# What needs to be done:
What you submit must be an exact copy of the listing below, with no images in it.

# Material provided:
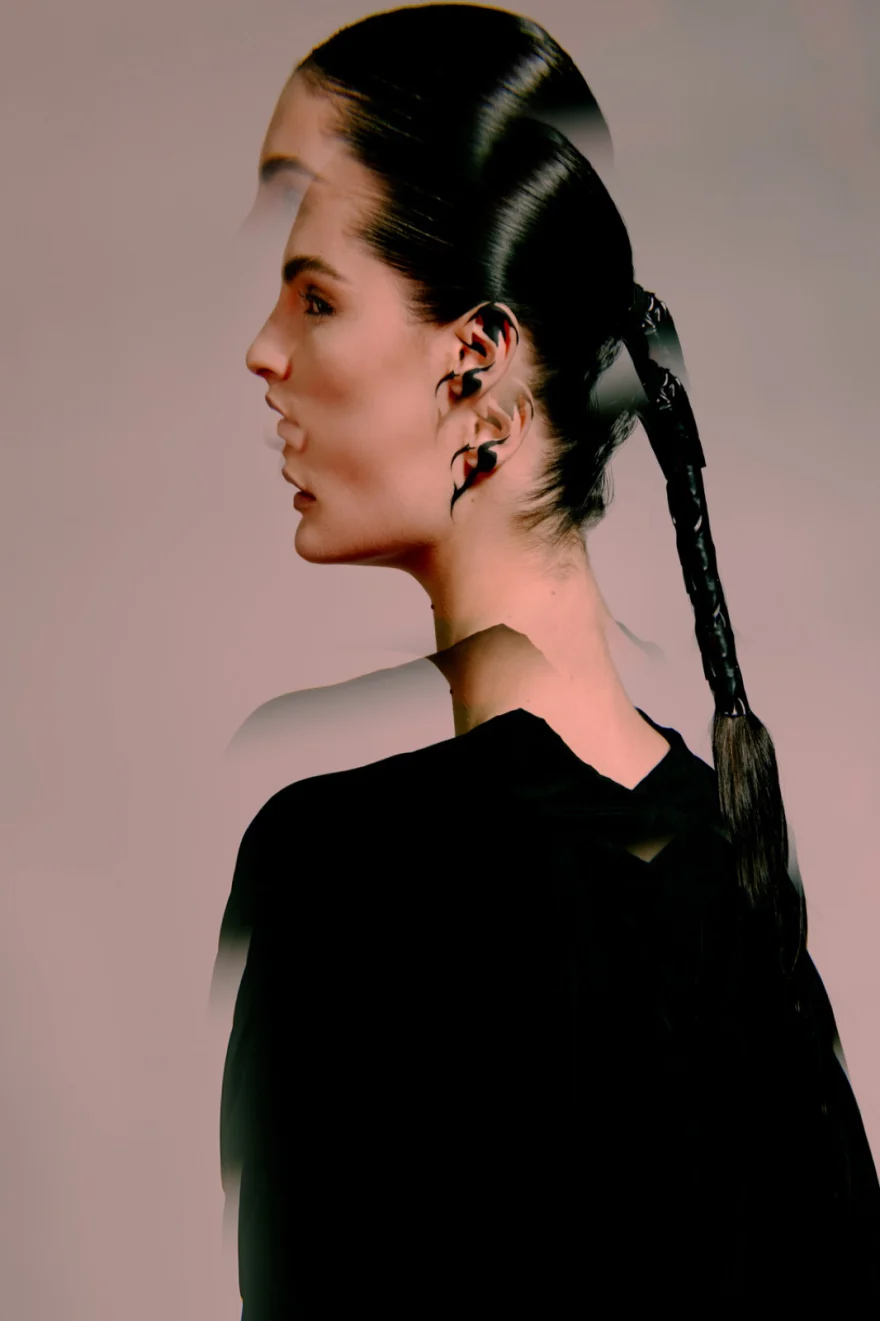 Profile portrait of a model in a black look with a braided hairstyle, SHOT Magazine editorial photographed by Ina Cenusa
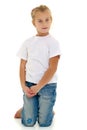 A little girl is sitting on the floor in a clean white T-shirt. Royalty Free Stock Photo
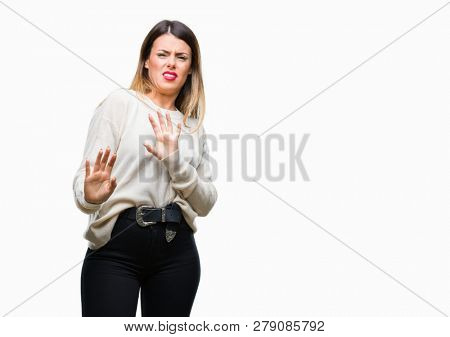 Young beautiful woman casual white sweater over isolated background disgusted expression, displeased and fearful doing disgust face because aversion reaction. With hands raised. Annoying concept.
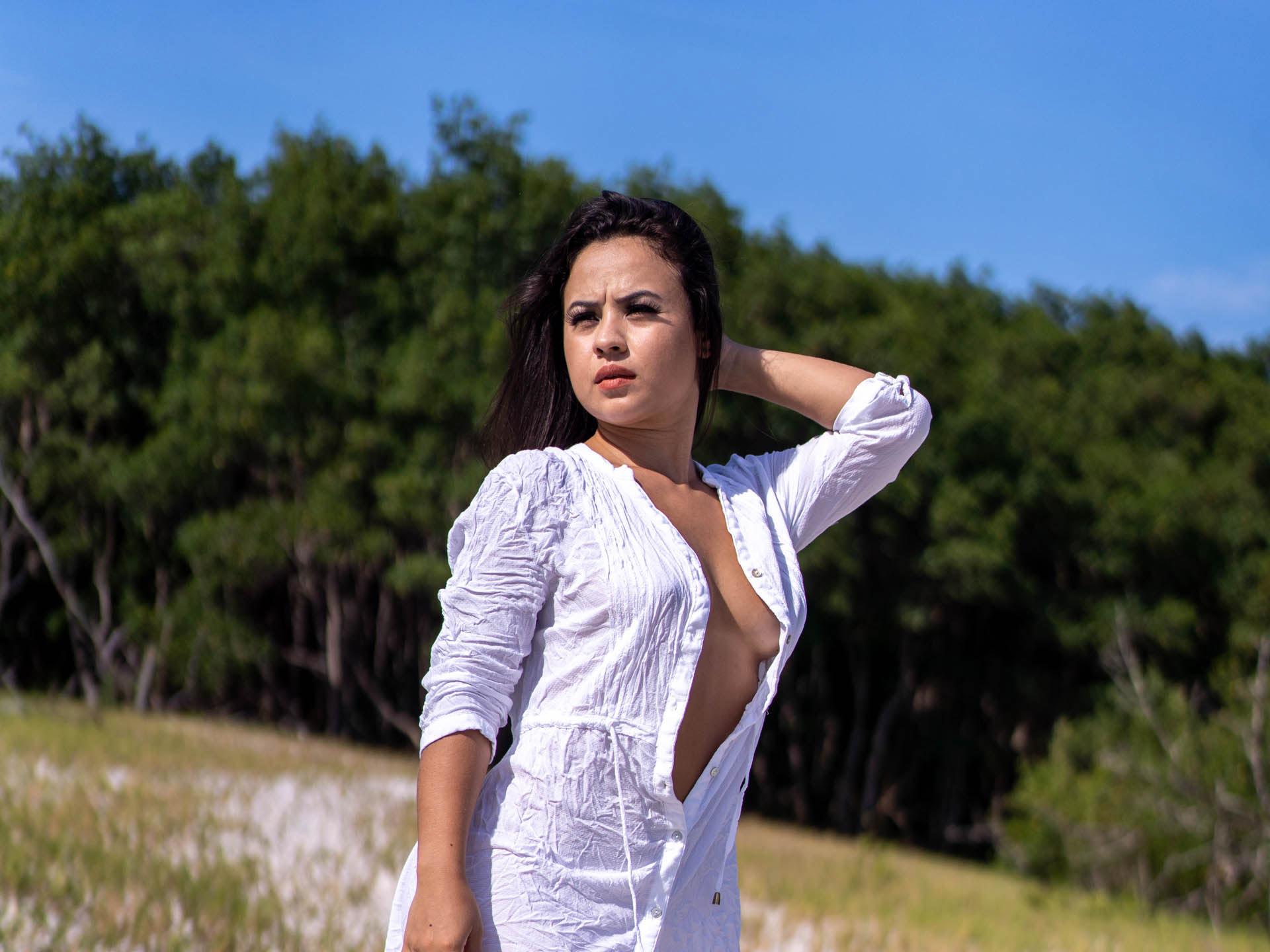 ensaio fotografico sensual com modelo nua se blusão branco em meio a natureza com ceu azul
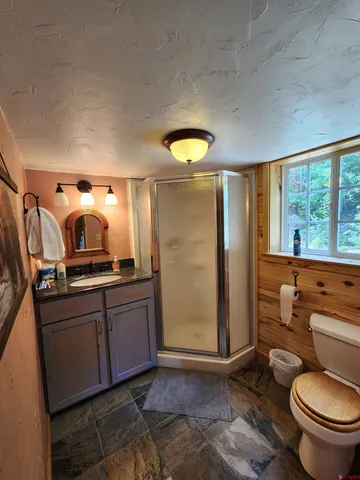 a bathroom with a granite countertop toilet a sink and a large mirror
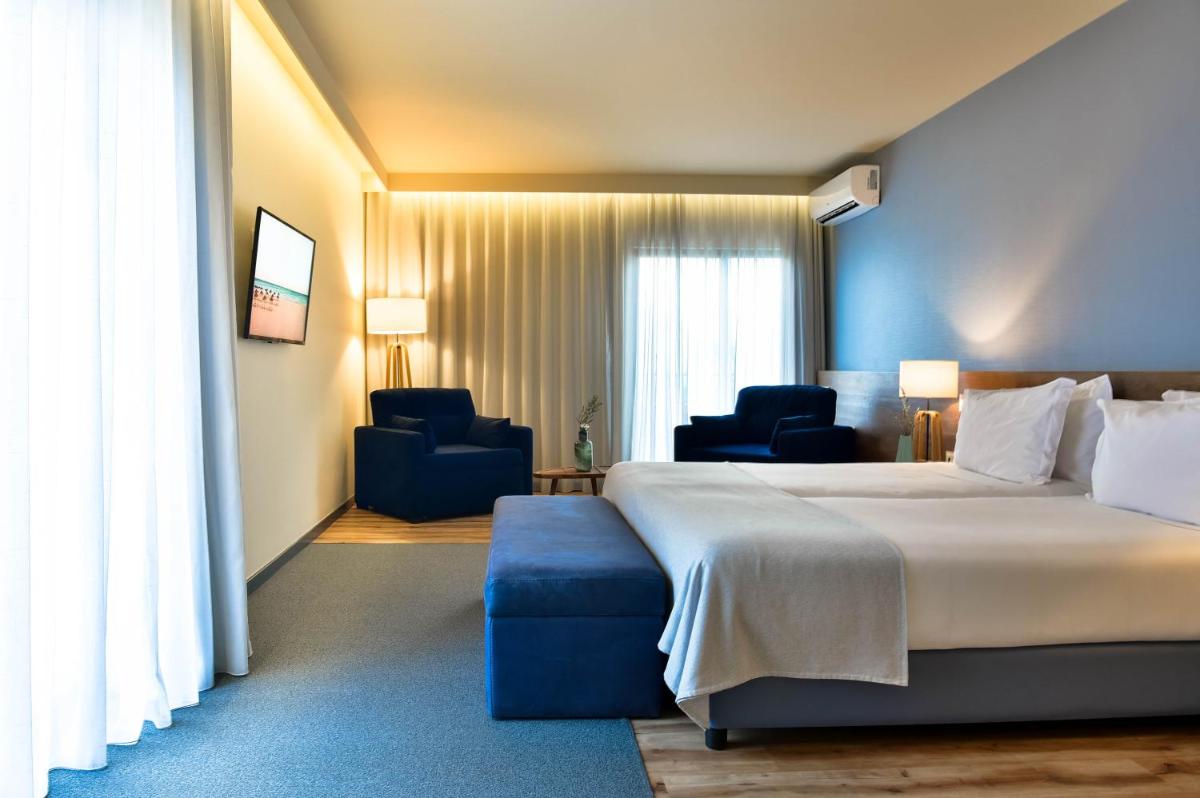 Uma cama ou camas num quarto em The Prime Energize Hotel & SPA - Algarve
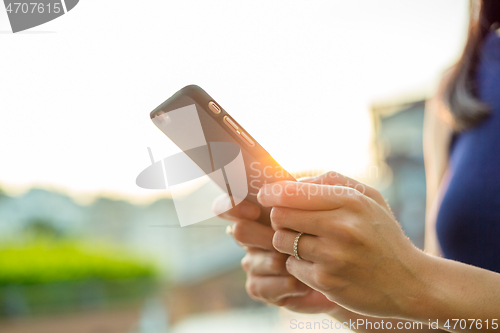 Image of Woman touch on cellphone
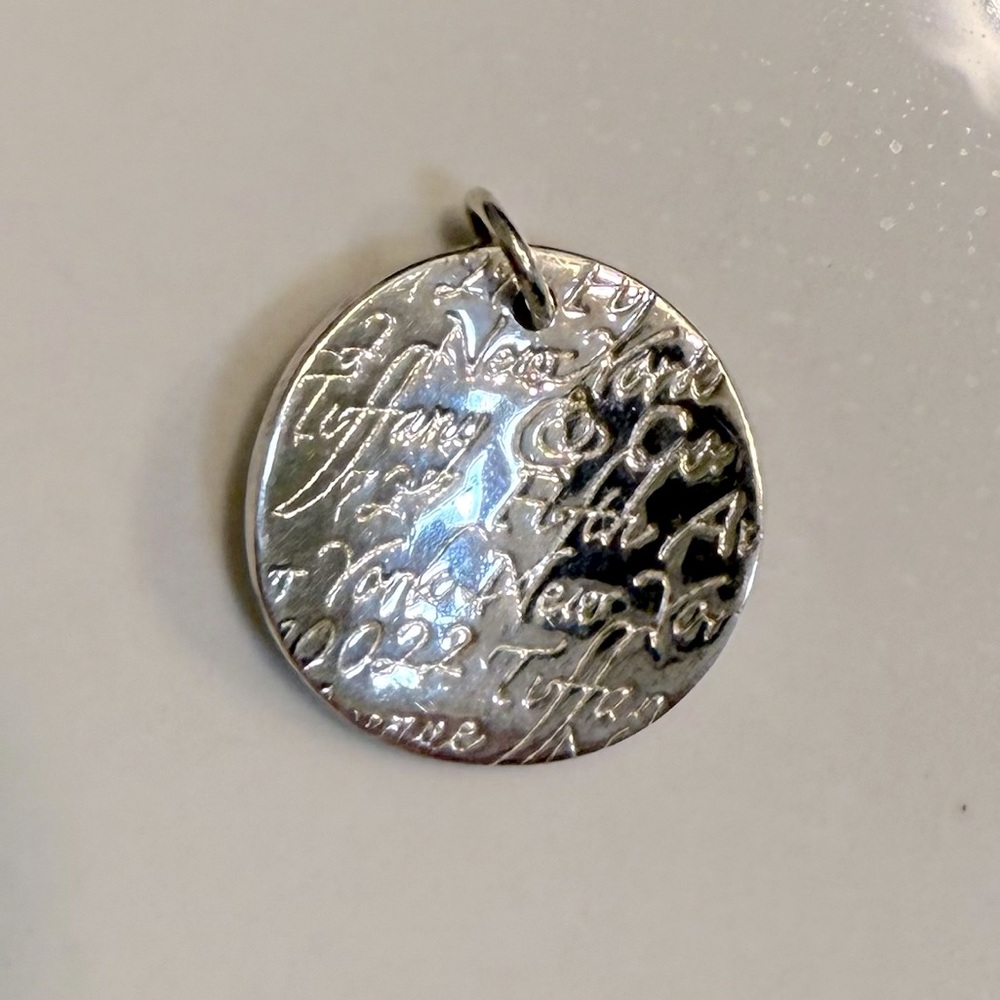 Authentic Tiffany & Co wavy round circle charm pendant. Sterling silver.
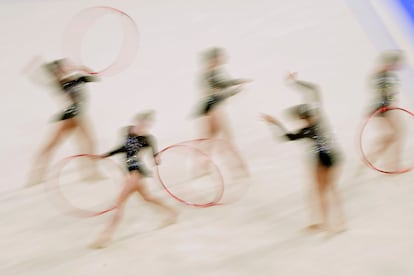 The team from Spain performs their hoop exercise in the rhythmic gymnastics group all-round qualification round at La Chapelle Arena at the 2024 Summer Olympics, Friday, Aug. 9, 2024, in Paris, France. (AP Photo/Charlie Riedel)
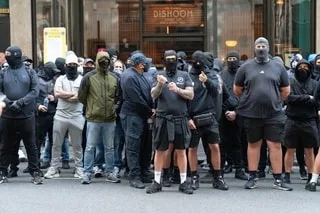 ROYAUME-UNI : MASQUÉS ET HABILLÉS DE NOIR, DES MILITANTS D’EXTRÊME DROITE BRITANNIQUES TRAQUENT LES MIGRANTS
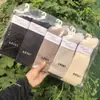 26 Calcetines Caídos de Media Pantorrilla para Mujer Otoño Invierno Calcetines de Pelo de Camello Calidez para Mujer Otoño Invierno Venta al por Mayor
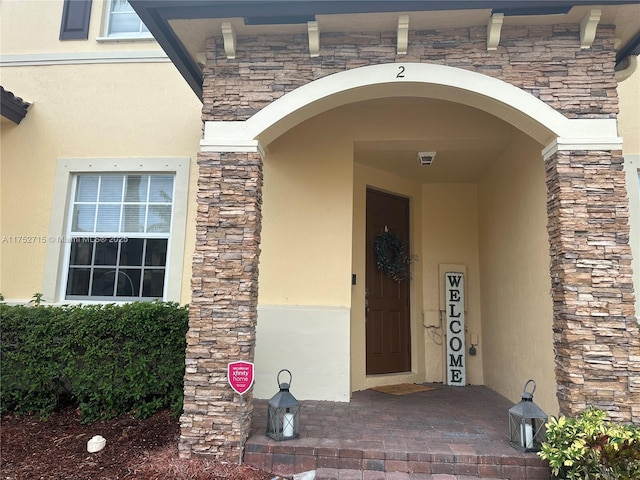 entrance to property featuring stone siding and stucco siding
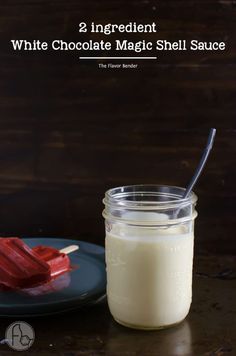 a glass jar filled with white chocolate magic shell sauce next to a plate full of red marshmallows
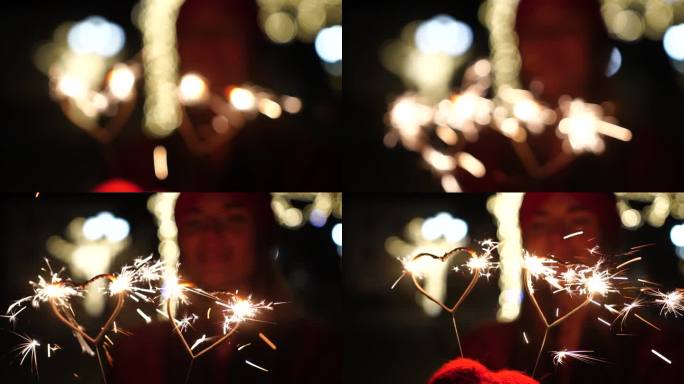 戴着红帽子的快乐微笑的女人站在街上，手里拿着壁炉形的烟花。孟加拉灯，喜庆的feyerferk。冬乐圣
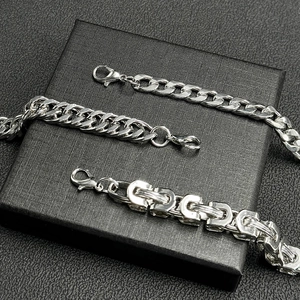 Three styles of silver hip-hop Cuban link chain bracelets for men on a black jewelry box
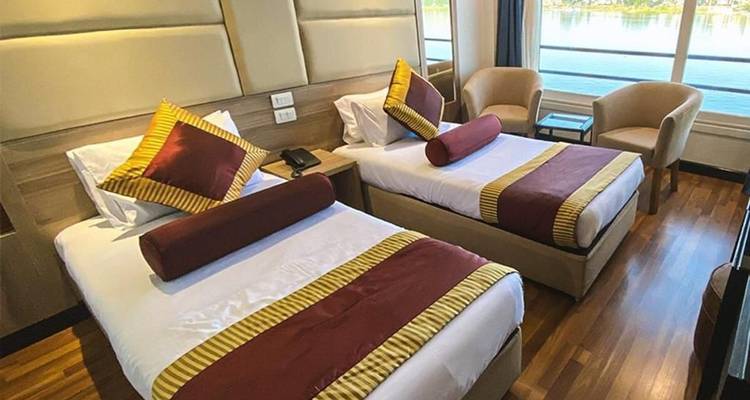 Modern room interior with two single beds and a window view.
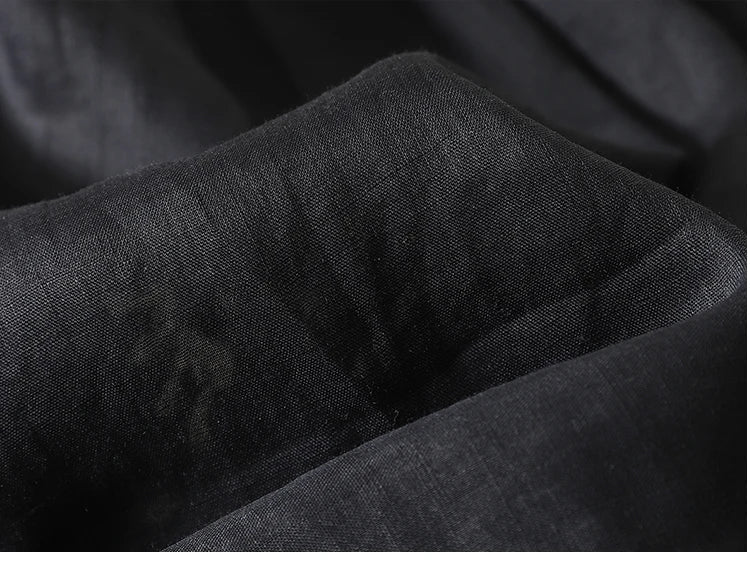 FJØRNA women's cotton V-neck blouse, featuring a stylish and comfortable top for women, displayed in a natural pose.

# Task answer:
 Profile portrait of a model in a black look with a braided hairstyle, SHOT Magazine editorial photographed by Ina Cenusa
 A little girl is sitting on the floor in a clean white T-shirt. Royalty Free Stock Photo
 Young beautiful woman casual white sweater over isolated background disgusted expression, displeased and fearful doing disgust face because aversion reaction. With hands raised. Annoying concept.
 ensaio fotografico sensual com modelo nua se blusão branco em meio a natureza com ceu azul
 a bathroom with a granite countertop toilet a sink and a large mirror
 Uma cama ou camas num quarto em The Prime Energize Hotel & SPA - Algarve
 Image of Woman touch on cellphone
 Authentic Tiffany & Co wavy round circle charm pendant. Sterling silver.
 The team from Spain performs their hoop exercise in the rhythmic gymnastics group all-round qualification round at La Chapelle Arena at the 2024 Summer Olympics, Friday, Aug. 9, 2024, in Paris, France. (AP Photo/Charlie Riedel)
 ROYAUME-UNI : MASQUÉS ET HABILLÉS DE NOIR, DES MILITANTS D’EXTRÊME DROITE BRITANNIQUES TRAQUENT LES MIGRANTS
 26 Calcetines Caídos de Media Pantorrilla para Mujer Otoño Invierno Calcetines de Pelo de Camello Calidez para Mujer Otoño Invierno Venta al por Mayor
 entrance to property featuring stone siding and stucco siding
 a glass jar filled with white chocolate magic shell sauce next to a plate full of red marshmallows
 戴着红帽子的快乐微笑的女人站在街上，手里拿着壁炉形的烟花。孟加拉灯，喜庆的feyerferk。冬乐圣
 Three styles of silver hip-hop Cuban link chain bracelets for men on a black jewelry box
 Modern room interior with two single beds and a window view.
 FJØRNA women's cotton V-neck blouse, featuring a stylish and comfortable top for women, displayed in a natural pose.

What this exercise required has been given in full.